Dans ce contexte, monsieur le ministre, je souhaite vous alerter une nouvelle fois, comme je l'ai fait en commission et comme nous avons été nombreux à le faire dans cet hémicycle et dans les territoires, sur le sens des réformes menées actuellement ; nous devons indéniablement faire des économies et moderniser la fonction publique – nous avons d'ailleurs soutenu les initiatives récentes du Gouvernement en ce sens – , mais peut-être devons-nous, plus urgemment encore, redonner toute sa place à l'État pour assurer le respect des principes républicains dans l'ensemble des territoires.
Or les suppressions successives de services publics physiques, année après année, au profit de services en ligne ou éloignés des bassins de vie des citoyens, donnent le sentiment, à tort ou à raison, d'un abandon de l'État. Je sais, monsieur le ministre, que plusieurs réformes sont en cours, notamment pour créer des maisons de service public devant répondre aux attentes des citoyens. Vous les avez évoquées en commission, et nous les jugerons sur pièces, le moment venu. Toutefois, il faut dès maintenant renforcer la présence de l'État, notamment dans les territoires qui souffrent d'importantes difficultés sociales et économiques : je pense aux territoires ruraux et périphériques, dont les habitants doivent parcourir de longues distances pour accéder à des soins, faire valoir leurs droits ou accomplir des démarches administratives.

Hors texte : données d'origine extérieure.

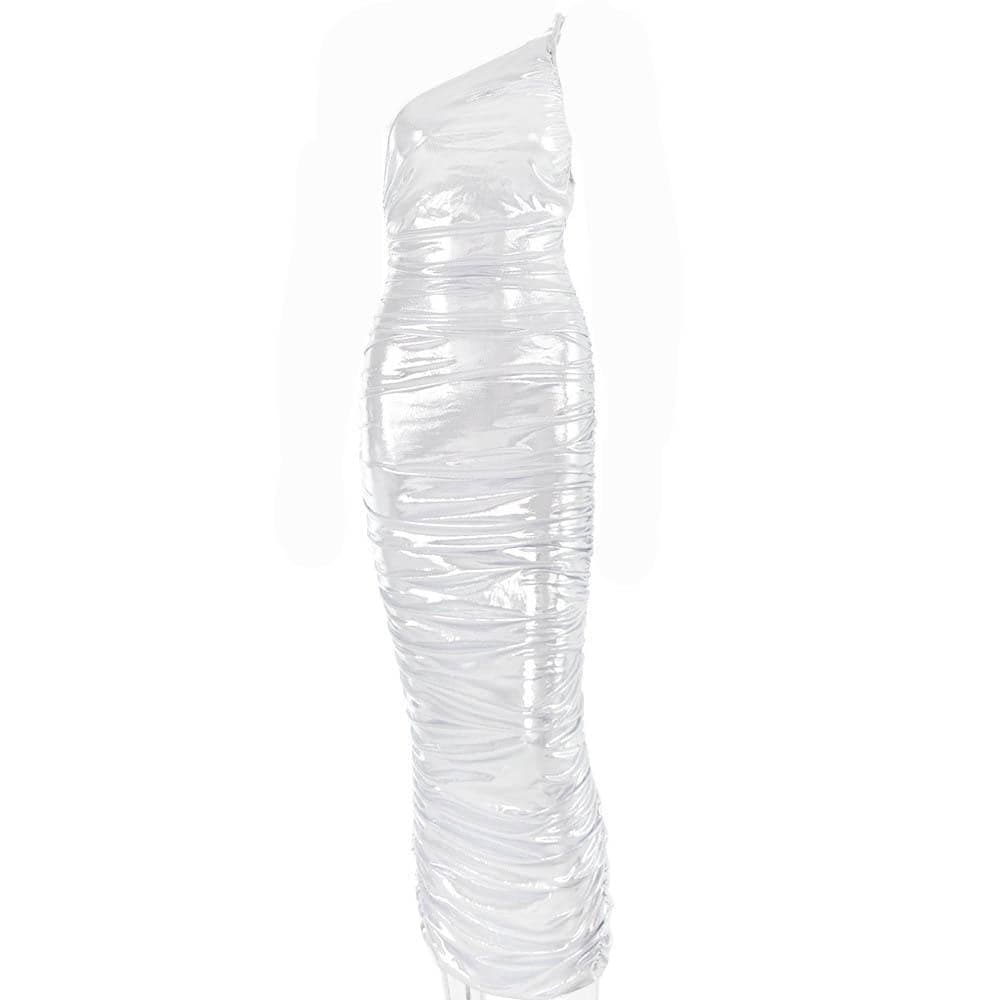 One Shoulder Asymmetric Neck Side Seam Ruched Zip Detail Floor Length Maxi Dress 2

J'espère, monsieur le ministre, que vous apporterez des précisions sur votre feuille de route, notamment sur les mesures les plus urgentes susceptibles de maintenir l'accès de tous les Français aux services de l'État.

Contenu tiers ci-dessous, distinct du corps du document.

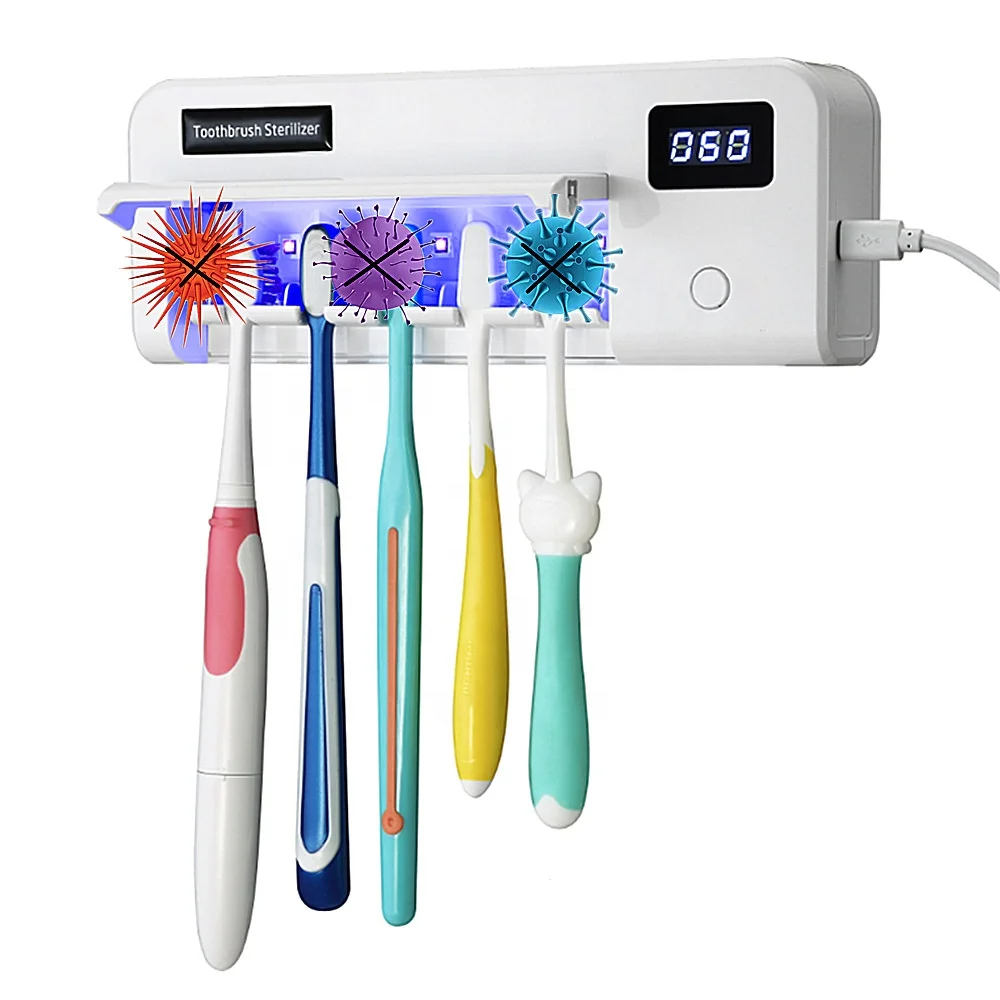 5 в 1 настенный UVC LED держатель для зубных щеток использования всеми членами семьи во время УФ стерилизатор зубных щеток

Dans la partie thématique de mon rapport, j'ai choisi, cette année, de m'intéresser aux difficultés de financement que rencontrent les candidats et les partis politiques. La vitalité de notre démocratie et de l'engagement politique doit être soutenue. Je salue à ce titre l'important travail réalisé par le Sénat sur le projet de loi relatif à l'engagement dans la vie locale et à la proximité de l'action publique, que la commission des lois examine cette semaine : il va beaucoup plus loin que les propositions du Gouvernement, notamment en matière de soutien aux élus de proximité que sont les maires. Si le cadre juridique actuel offre des garanties importantes au travers des financements publics existants, des difficultés persistent pour nombre de candidats, même lorsqu'ils appartiennent à un parti bien établi. Tel est le constat du premier rapport remis au Parlement par le médiateur du crédit aux candidats et aux partis politiques, M. Jean-Raphaël Alventosa.

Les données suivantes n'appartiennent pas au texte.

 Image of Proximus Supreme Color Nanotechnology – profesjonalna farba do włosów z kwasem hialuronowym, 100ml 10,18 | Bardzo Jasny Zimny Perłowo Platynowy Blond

Deux exemples illustrent ces difficultés. D'abord, le droit au compte, bien qu'il soit garanti par la loi, ne semble pas respecté dans 10 % des cas en moyenne – voire dans 23 % des cas s'agissant des élections européennes. L'ouverture d'un compte de campagne est pourtant une obligation substantielle. À l'approche des élections municipales, de telles difficultés sont inadmissibles, et sans doute une sensibilisation des grands réseaux bancaires est-elle nécessaire pour y mettre un terme.
Ensuite, l'accès au crédit bancaire n'est pas satisfaisant. Les banques ne manifestent pas une défaillance généralisée en la matière, mais, pour diverses raisons, certaines refusent par principe d'accorder des prêts à des candidats, quels que soient leur parti et leur dossier. Malgré les nombreuses avancées législatives et réglementaires intervenues depuis la loi fondatrice de 1988 pour donner un cadre juridique clair aux candidats et aux partis politiques, il reste beaucoup à faire. On ne pourra répondre à cet enjeu démocratique non par la création d'une banque de la démocratie – à laquelle vous avez d'ailleurs renoncé – , mais par la promotion de bonnes pratiques et par la possibilité de saisir le médiateur du crédit plus tôt et plus facilement.
En conclusion, et malgré les efforts que vous avez consentis, monsieur le ministre, pour répondre à nos interrogations en commission, j'émets un avis défavorable sur les crédits de la mission « Administration générale et territoriale de l'État ».